DevOps

Kubernetes Pod Disruption Budgets: Zero-Downtime Drain, Cluster Upgrades & SLO Protection

Pod replicas alone do not protect availability during planned disruption events. This guide shows how to use PodDisruptionBudgets (PDBs) to enforce safe eviction limits during node drains, upgrades, and autoscaler actions so critical services keep meeting reliability targets.

Md Sanwar Hossain March 22, 2026 15 min read DevOps

Kubernetes pod disruption budgets and cluster reliability

The Node Upgrade That Took Down Payments
What Is a PodDisruptionBudget?
minAvailable vs maxUnavailable: Choosing Your Strategy
Voluntary vs Involuntary Disruptions
PDB + HPA Interaction: The Scaling Floor Problem
Node Drain Workflow with PDB Enforcement
Cluster Upgrade Strategies
PDB with StatefulSets
Common PDB Misconfigurations
Monitoring Disruption Budget Status
PDB + Cluster Autoscaler Scale-Down
Key Takeaways
Read More

The Node Upgrade That Took Down Payments

K8s Pod Disruption Budget | mdsanwarhossain.me — K8s Pod Disruption Budget — mdsanwarhossain.me

It was a routine Tuesday morning maintenance window. The platform team was upgrading the Kubernetes node group from version 1.28 to 1.29. The upgrade script was straightforward: cordon each node, drain it, terminate the old EC2 instance, and let the node group launch a fresh replacement. Automated, tested in staging, nothing to worry about.

At 09:47 UTC, the on-call phone lit up. The payments service was returning 503s. The SLO dashboard turned red. Investigation revealed that three of the four payment service pods had been evicted simultaneously during the drain of two adjacent nodes. The fourth pod—the one survivor—was overwhelmed and crashing under the load. The payment service had a 99.95% availability SLO. In eight minutes, it burned through six hours of error budget.

The team had Kubernetes. They had multiple pod replicas. They had a node upgrade process. What they didn't have was a PodDisruptionBudget—the Kubernetes API object specifically designed to prevent exactly this scenario.

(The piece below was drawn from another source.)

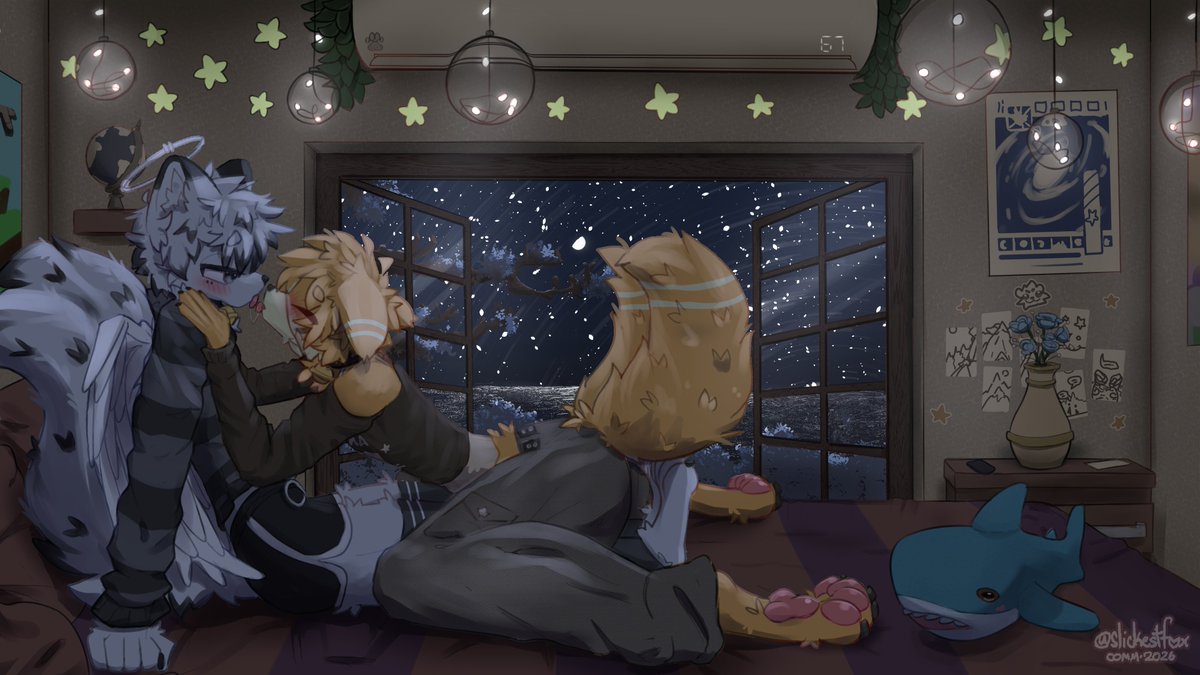 slickestfox's tweet photo. Sleeping over~ . * ✨ https://t.co/9VwJZIPS83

What Is a PodDisruptionBudget?

A PodDisruptionBudget (PDB) is a Kubernetes policy resource that limits the number of pods of a replicated application that can be voluntarily disrupted at any given time. "Voluntary disruption" includes:

kubectl drain on a node (for maintenance or upgrades)
Cluster Autoscaler scale-down evictions
Manual kubectl delete pod commands
Deployment rollouts (via eviction API)
Node auto-repair operations (GKE, EKS managed node groups)

PDBs do not protect against involuntary disruptions: node hardware failure, kernel panics, OOM kills, or pods being killed by the kubelet due to resource limits. Those are handled by replication, affinity rules, and resource quotas.

apiVersion: policy/v1
kind: PodDisruptionBudget
metadata:
  name: payment-service-pdb
  namespace: production
spec:
  minAvailable: 3          # At least 3 pods must always be available
  selector:
    matchLabels:
      app: payment-service

With this PDB in place, when kubectl drain attempts to evict a payment service pod, it first consults the PDB. If evicting that pod would drop available pods below 3, the eviction is blocked and the drain pauses until a replacement pod is running.

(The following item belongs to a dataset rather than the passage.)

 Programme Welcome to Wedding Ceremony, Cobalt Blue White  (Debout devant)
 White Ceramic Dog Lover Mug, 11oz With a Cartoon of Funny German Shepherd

minAvailable vs maxUnavailable: Choosing Your Strategy

K8s Resilience | mdsanwarhossain.me — K8s Resilience — mdsanwarhossain.me

PDBs offer two complementary constraints. Use exactly one in a given PDB.

minAvailable

Guarantees that at least N pods (or N% of desired) remain available at all times. Best for critical services where you have a hard minimum capacity floor.

# Absolute count
spec:
  minAvailable: 3

# Percentage — rounds down (e.g., 75% of 4 pods = 3)
spec:
  minAvailable: "75%"

Use minAvailable when: you know the minimum number of pods needed to handle production load, and you want to be explicit about that floor.

maxUnavailable

Allows at most N pods (or N%) to be disrupted simultaneously. Best when you think in terms of "how many can I take out at once" rather than "what's my minimum."

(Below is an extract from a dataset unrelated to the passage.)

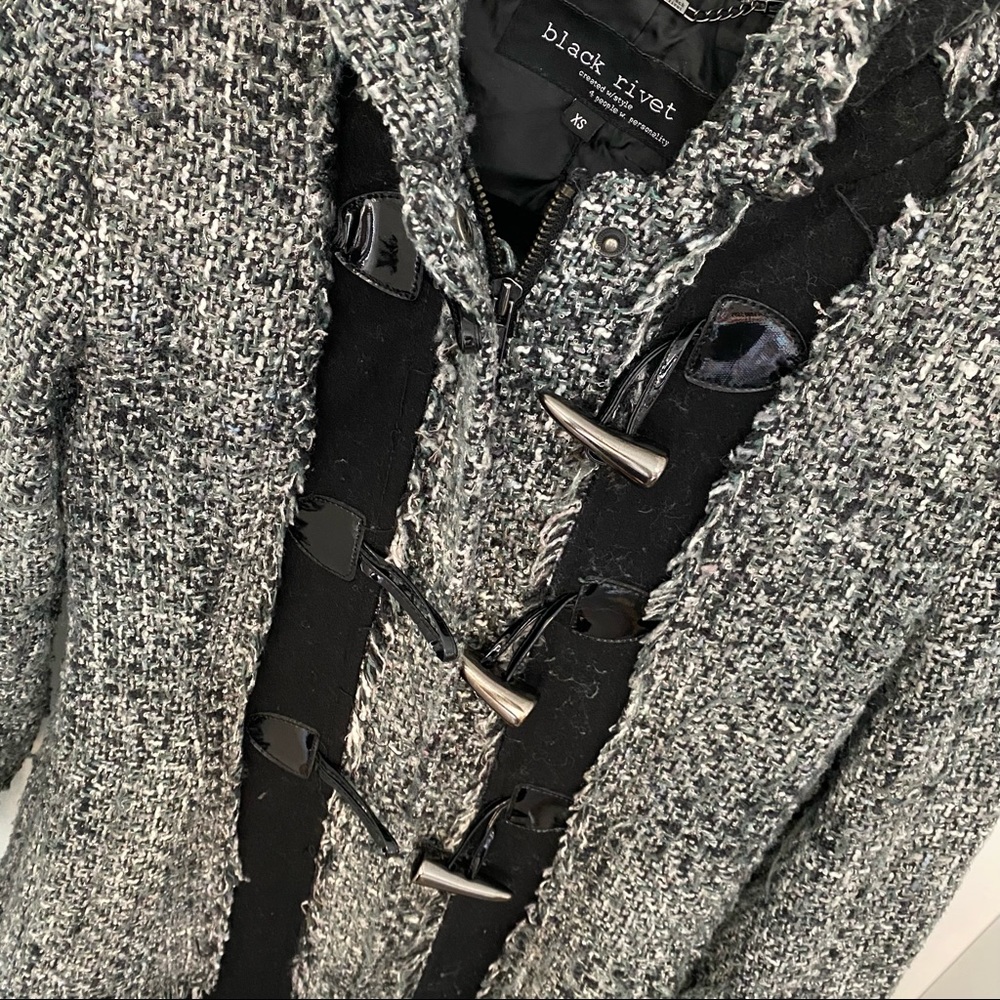 Black Rivet Tweed jacket (XS) - Picture 3 of 4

# Allow only 1 pod to be disrupted at a time
spec:
  maxUnavailable: 1

# Allow up to 25% to be disrupted at once
spec:
  maxUnavailable: "25%"

Use maxUnavailable when: your service can tolerate some unavailability and you want to control the pace of disruption rather than guarantee an absolute floor.

Which to use?

Scenario	Recommended
Critical payment/auth service	`minAvailable: N-1`
Worker pool with many replicas	`maxUnavailable: "20%"`
Single-replica service (bad!)	Scale to 2+ replicas first
StatefulSet with quorum requirements	`minAvailable: majority`

Voluntary vs Involuntary Disruptions

Understanding this distinction is critical for setting realistic expectations about what PDBs can and cannot do.

Kubernetes Pod Disruption Budgets | mdsanwarhossain.me — Kubernetes Pod Disruption Budgets — mdsanwarhossain.me

Voluntary disruptions (PDB-protected)

Node drain for maintenance/upgrade
Cluster Autoscaler scale-down
Manual pod deletion via kubectl delete
Deployment rolling update (eviction path)
Cloud provider managed node group rotation

Involuntary disruptions (PDB does NOT apply)

Node hardware failure
OOM kill by kubelet
Container crash / liveness probe failure
Network partition between nodes
Spot/preemptible instance reclamation (though the node drain path may be PDB-aware in managed offerings)

For involuntary disruptions, your protection comes from multi-zone pod topology spread constraints, anti-affinity rules, and sufficient replica counts to absorb a zone failure.

PDB + HPA Interaction: The Scaling Floor Problem

A frequently overlooked interaction: if your HPA (Horizontal Pod Autoscaler) scales your deployment down to minReplicas and your PDB specifies minAvailable: N where N equals or exceeds minReplicas, the Cluster Autoscaler will be permanently blocked from evicting any pods of that deployment. This means nodes can never be drained during scale-down.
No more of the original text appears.